GÜZEL Parti Genel Lideri Meral Akşener, aylardır, “HDP’yi Pkk‘nın yanında konumlandırıyoruz”, “HDP, PKK ile ortasına ara koymalıdır” dediklerini söyledi.
Akşener, partisinin Tbmm Küme Toplantısı’ndaki konuşmasında, Türkiye’de bayan olmanın güç olduğu günlerden geçtiklerini, her gün bir bayanın yaşadığı zorluklarla çaba ederken hayatını kaybettiğini kaydetti.
Bu yüzden bıkmadan usanmadan, “İstanbul Kontratı yaşatır” diyeceklerini vurgulayan Akşener, şöyle devam etti:
“Hayat kurtaracağını bildiğimiz için ‘yaşatır’ diyoruz. Zira İstanbul Kontratı, adım adım ‘geliyorum’ diyen cinayetleri önleyici bir mukaveledir. Şiddet tehdidi altındaki bayanların etrafına müdafaa kalkanı oluşturan bir mukaveledir. Şiddete meyilli olanları toplumdan ayıklayıp bayanları sakınan bir mukaveledir. Tam olarak uygulanmış olsaydı şimdiye kadar yüzlerce bayanı şiddetten korumuş olacak olan mukaveledir. Fakat ülkeyi yönetenler hiç utanmadan ve zerre sıkılmadan İstanbul Mukavelesi’ni yırtıp attılar. Bu ülkenin bayanları yerine birkaç Taliban kafalının aklına uymayı tercih ettiler. 21’inci yüzyılda Türkiye Cumhuriyeti’ni yöneten şu zihniyete bakar mısınız?”
Akşener, iktidarın, uzun vakittir “destansı başarısızlıklarının” sorumluluğunu üstlenmek yerine üzerini kapatmak için uğraştığını, bunun için de en kolay yolu seçtiğini, çabucak suçlayacak birini bulup nefret lisanına ve kutuplaşmaya sığındığını savundu.
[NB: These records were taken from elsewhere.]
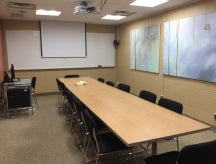 New Group Room
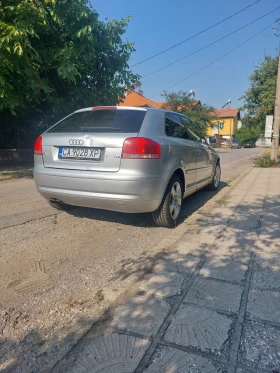 Обява за продажба на Audi A3 1.9TDI 105к.с ~3 700 лв. - изображение 2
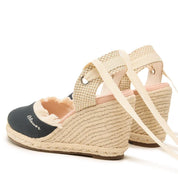Zeppa Blauer Donna Blu Navy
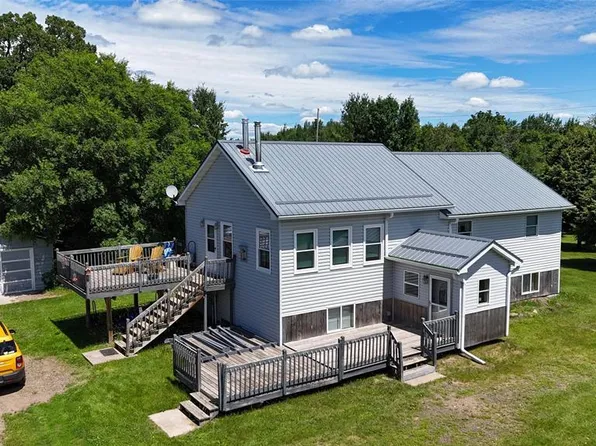 23745 County Road M, Grantsburg, WI 54840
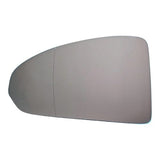 Audi TT Cabriolet 2019-2023 Door Mirror Glass Heated Passenger Side L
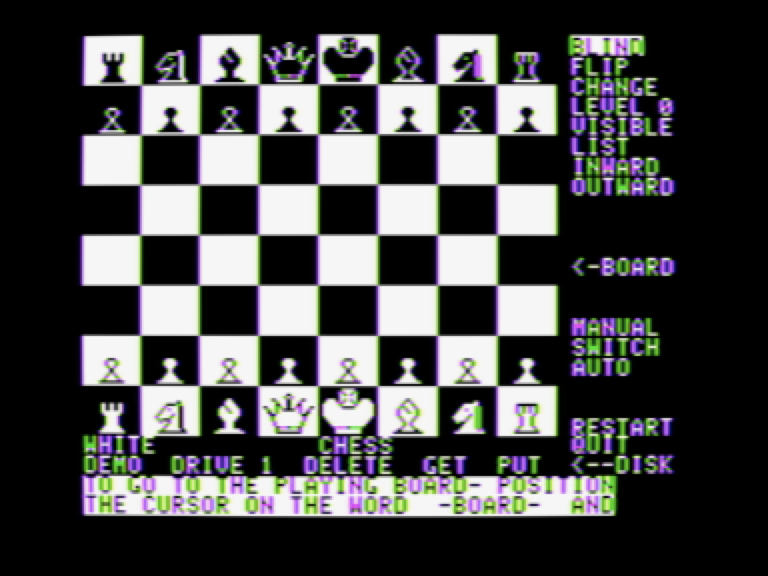 Chess screenshot 3 of 3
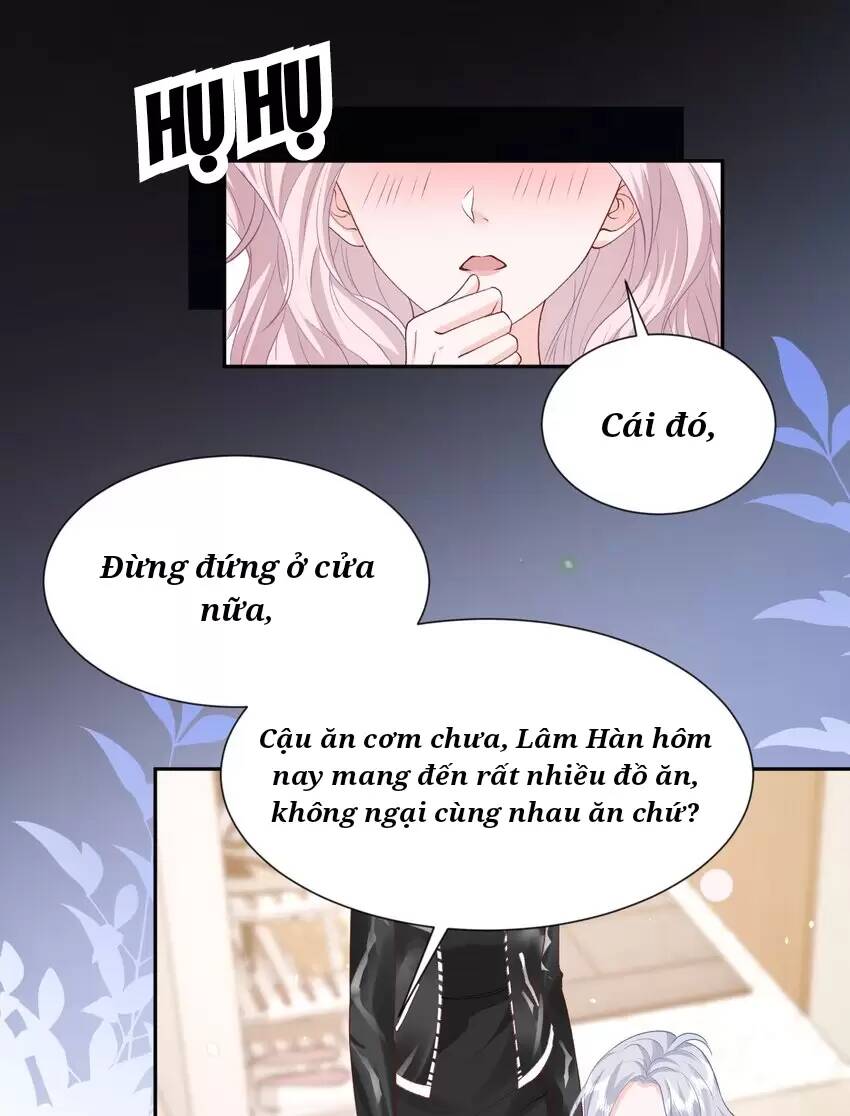 mận xanh chapter 22 43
Akşener, “Gün geliyor geçmişi, gün geliyor bürokratları, gün geliyor muhalefeti suçluyor. Hatta gün geliyor suratını alamayıp milletimizi bile suçluyor. Lakin başarısızlıklarıyla yüzleşmeyi ve gerçekleri görmeyi ısrarla reddediyor. Bu garip bakış açısının duayen ismi Sayın Erdoğan, sarayında uçan Türkiye masallarıyla oyalanırken Türkiye’nin gerçekleri karşısında sesini çıkartan herkes ya yalancı ya terörist ya da hain ilan ediliyor. Ancak biz artık şerbetlendik. Artık bu dümenleri tanıyoruz. Biz bu utanmazlığı artık ezbere biliyoruz. Dün ‘milletin adamıyım’ diyenlerin bugün millete nasıl sırt çevirdiğini tüm çıplaklığıyla görüyoruz. Onun için de artık şaşırmıyoruz.” sözünü kullandı.
“Siirt’teki Kürt’ün gündemi yokluk ve yoksulluk”
Siirt ve Batman’daki seyahatlerine değinen Akşener, Siirt’te bir vatandaşla yaşadığı “Kürdistan” diyaloğunu hatırlattı.
Akşener, AK Parti ve küçük ortağının, kendilerinin milletle temasımızdan çok rahatsız olduğunu öne sürerek şunları kaydetti:
“Millet bizi çağırıyor, onları da doğal olarak kaşıntı tutuyor. O nedenle bizim bu ziyaretlerimizi, kendilerince baltalamak için her yolu deniyorlar. Gün oluyor, Cengiz İnşaat çalışanlarına para verip slogan attırıyorlar. Gün oluyor esnafa önden insan yerleştirip, propaganda yaptırıyorlar. Hatta gün oluyor, bizimle konuşan vatandaşlarımıza bile tebelleş oluyorlar. Havuz medyası da bunları çekebilmek için ortamda hazır bulunuyor. Yalnız bu sefer değişik bir şey oldu: Siirt’te her zamanki AK Parti atraksiyonunun dışında bu kere da bir HDP çalışanı ziyaret ettiğimiz bir esnafa gelip ‘Burası Kürdistan’ dedi. Birden İçişleri Bakanı ve küçük ortak mensupları şoke olmuş bir biçimde feveran etmeye başladı. Neymiş? Nasıl olur da ‘burası Kürdistan’ dermiş. Neye şaşırıyorsunuz sayınlar? Söylesenize, neye şaşırıyorsunuz? Bu kişi, bir HDP çalışanı. Biz aylardır ne söylüyoruz; ‘HDP’yi PKK’nın yanında konumlandırıyoruz’ diyoruz. ‘HDP, PKK ile ortasına aralık koymalıdır’ diyoruz. ‘Kürdistan’ söylemi kimin; terör örgütünün. Münasebetiyle bu durumda bizim açımızdan şaşırtan bir şey yok. Lakin işin asıl acınası tarafı ne biliyor musunuz? Cumhur İttifakı mensupları, yalnızca bize sallayacaklar diye PKK’nın ajandasını Türkiye’nin gündemine taşıdılar. Cumadan beri Kürdistan aşağı, Kürdistan üst.”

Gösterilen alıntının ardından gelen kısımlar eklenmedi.